Once it’s dry, I just had to pinch the edges together.
Ta-da! A tube o’ foam.
On to the “mouth” mech. Normally, I mill my own mechanisms, but in this case, I was looking at my tea-strainer and darn if the thing wasn’t the right size. So, I took the rivets out and popped it on the bandsaw to trim the front of it off.
Before turning the saw on, I played the game, “Know where your fingers are,” and decided to get a pusher so that I was not in such direct proximity to the blade in case things decided to shift.
Which they did. The first cut was a piece of cake. When I got to the second one, the blade caught it and tossed it across the room. I’ve still got no idea where the thing is. I’ll have to pick up a new one tomorrow and try again. With pliers this time, so I have a firm grip.

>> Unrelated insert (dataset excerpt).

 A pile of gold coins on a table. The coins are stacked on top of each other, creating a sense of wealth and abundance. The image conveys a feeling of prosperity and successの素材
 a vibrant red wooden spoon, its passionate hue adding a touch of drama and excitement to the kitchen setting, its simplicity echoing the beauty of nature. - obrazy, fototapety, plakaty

Though I wouldn’t normally start skinning a puppet until the mech is in place, because of how I’m doing this one, I can put the skin on and leave it loose at the end where the “mouth” will go. The biggest challenge here is that the seam is just going to show. I’m making it fairly organic, instead of a straight line. When the rest of the treatment is in place it will, hopefully, be fairly discreet.

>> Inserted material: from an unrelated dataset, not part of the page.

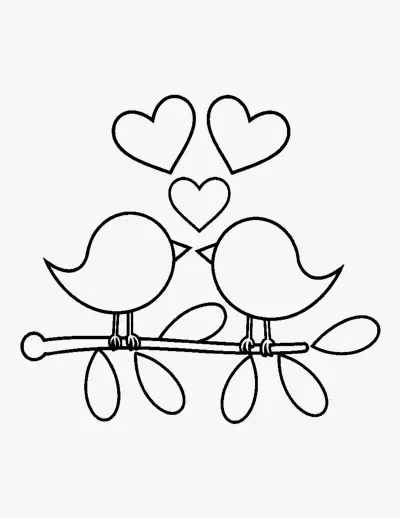 Two Love Birds on a Branch coloring page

I knocked off work around 9:00 so I could catch up with the folks who’d gone to the Shirley Jackson reading tonight. The Puppet Kitchen is on the same street so I’d actually gone over at 7:00 to hear the reading, but it was too crowded to get in. Later I heard that there were seats up front. It’s just as well, I suppose, since I was able to get some work done.
Plus, it meant I could join the gang for Chinese food afterwards. I had the colon in my bag. Nick Kaufman asked to see it (blame him) so I hauled it out and made it say hello. Strangely, people found this disturbing. I can’t imagine why.